Once the fire is out, the work of true restoration must begin with uncompromising speed. Every passing day after containment results in greater degradation of valuable timber resources and lost economic opportunity. Expedited salvage operations are an essential first step, not merely to preserve timber value but to generate revenue that can offset the massive costs of firefighting and fund necessary ecological and community rehabilitation.

Crucially, this post-fire effort must focus on the immediate removal of the vast accumulation of hazardous fuels—a condition created by the very lack of management and "let burn" tactics we criticize. It is a stark paradox that we currently observe millions of board feet of prime timber being burned in house-sized piles, instead of being utilized for restoration funding.

This brings us to the core of the long-term solution: Active Forest Management that focuses on Care, Utilization, and Protection (CUP).

First, we must reclaim the term "forest restoration" itself. When used by the Forest Service, "restoration" often means aggressive and excessive cutting and frequent burning that removes significant portions of the forest and leaves the land in a perpetually degraded state. True restoration, however, must be built on a foundation of historical understanding, using multidisciplinary research to determine the pre-1850 landscape condition we are aiming to restore.

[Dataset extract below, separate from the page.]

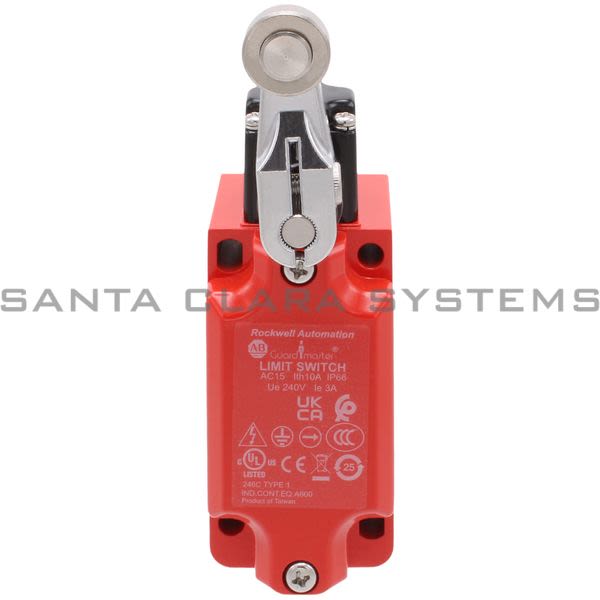 Allen Bradley 440P-MMHS11E Safety Limit Switch Product Image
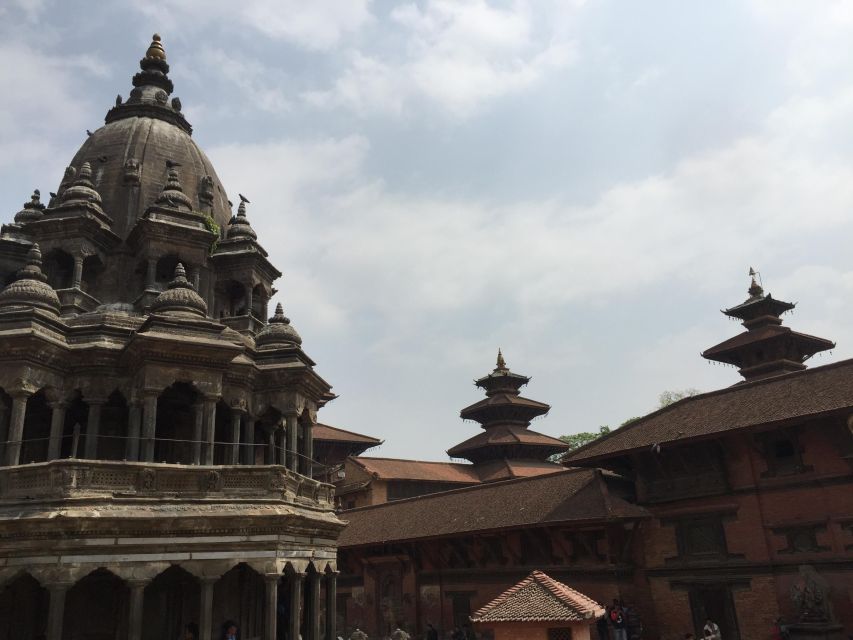 Patan - Bhaktapur Guided Tour With Private Vehicle - Tour Overview and Pricing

Second, genuine Active Forest Management requires the wholesale removal of hazardous fuel buildups and extensive, aggressive forest management, including a significant annual timber harvest, to return our National Forests to a healthy and productive condition. We must embrace the "Utilization" component of stewardship, expanding the beneficial use of biomass and residual forest products—such as through innovative, wood-based nanotechnology—to create high-value markets for low-value wood. This economic engine is critical for financing the necessary pace and scale of restoration across millions of acres annually.

Finally, the restoration effort must include rebuilding vital infrastructure. This means restoring and maintaining forest roads that are critical for rapid emergency response, fire suppression, and sustainable resource management. The current failure to maintain these access points has been a predictable and preventable factor in fire spread. Post-fire site rehabilitation is also essential, including the clean-up of dead vegetation, restoring soils lost to flooding, and replanting to fight invasive weed blooms that inevitably follow a fire.

This level of change requires a massive commitment of resources—estimated at an additional $2.2 to $3.7 billion annually for the National Forests alone over the next 5-7 years. It requires Administration and Congressional direction via Executive Order and legislation to support the "solution".

We cannot afford to continue with a policy that negligently destroys private property, leads to massive smoke-related mortality, and leaves our forests in an increasingly unstable state.

The path forward is a cohesive strategy that prioritizes immediate suppression, rapid salvage, the economic utilization of biomass, and science-based, active management to restore our public lands to safer, more profitable, and more accessible conditions. We must demand full transparency and accountability from the federal agencies and insist they fulfill their non-discretionary duty to protect the land and serve the people.